The critical difference between convertible bonds and traditional bonds is that companies do not have to pay as much interest because they are convertible into equity on predefined ratios or share prices. In many cases, this also offers an additional hedge because bondholders are generally treated as company creditors in the event of financial trouble. Therefore, they would stand ahead of equity holders in a worst-case scenario.

 

Are we experiencing a degree of market over-exuberance?

 

Aside from the fact that we have seen substantial convertible bond issuances in February, it's essential to look at the companies raising funds. These include:-

 

· Super Micro Computer raising $1.7 billion with a zero interest rate convertible bond despite having no credit rating

· Ride-hailing company Lyft also raised $460 million after a significant rise in the share price following well-received results

 

Several market observers are already comparing the current trend in convertible bonds (and the companies raising funds) to the "frothy" markets of 2020/21. History shows that many technology companies will look to the convertible bond market after a period of outperformance, to raise additional funds. These could fund future expansion, enhance existing cash flow, or bolster the company's balance sheet. It will be interesting to see how the companies raising funds utilise this additional liquidity.

 

Impact on existing shareholders

 

In what many see as a win-win situation, it's essential to recognise the limited impact on existing shareholders when it comes to dilution. These convertible bonds have been issued after a strong rally in the technology sector and individual company share prices.
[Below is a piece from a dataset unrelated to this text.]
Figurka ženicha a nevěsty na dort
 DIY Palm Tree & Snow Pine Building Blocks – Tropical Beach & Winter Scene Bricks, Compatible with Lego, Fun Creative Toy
When checking the fine print, you will also notice that the conversion ratio/conversion price will likely be significantly higher than the current share price.

 

Many companies currently taking advantage of demand for convertible bonds might struggle to secure finance through traditional routes, or at best, the interest rate charged would be significantly higher than the bond rate. This highlights the huge benefits of convertible bonds to companies in potentially high-risk/high-growth sectors and the power of investor sentiment.

 

How long will the demand for convertible bonds last?

 

Despite the enormous amounts raised in February, many recent convertible bond issues were oversubscribed. This suggests that investors are willing to pay up for new convertible bonds, some of which will pay a relatively modest interest rate but also offer direct exposure to the underlying share price. Unfortunately, as we have seen on many occasions in the past, investor sentiment can change in an instant!

 

Summary

 

The vast number of convertible bonds issued by US technology companies in February is indicative of current investor sentiment, focused on potentially high-risk/high-growth companies. Even though the American markets are taking the headlines, we have seen increased interest in technology shares in the UK and around the world. Whether this will be maintained in the short to medium term remains to be seen as there are economic challenges ahead, and interest rates have yet to start to move downwards.

 

Sometimes an indicator of the top of the market, a period of over-exuberance or perhaps misplaced confidence, keep an eye on the convertible bond market in the weeks and months ahead for indications of fluctuating investor sentiment.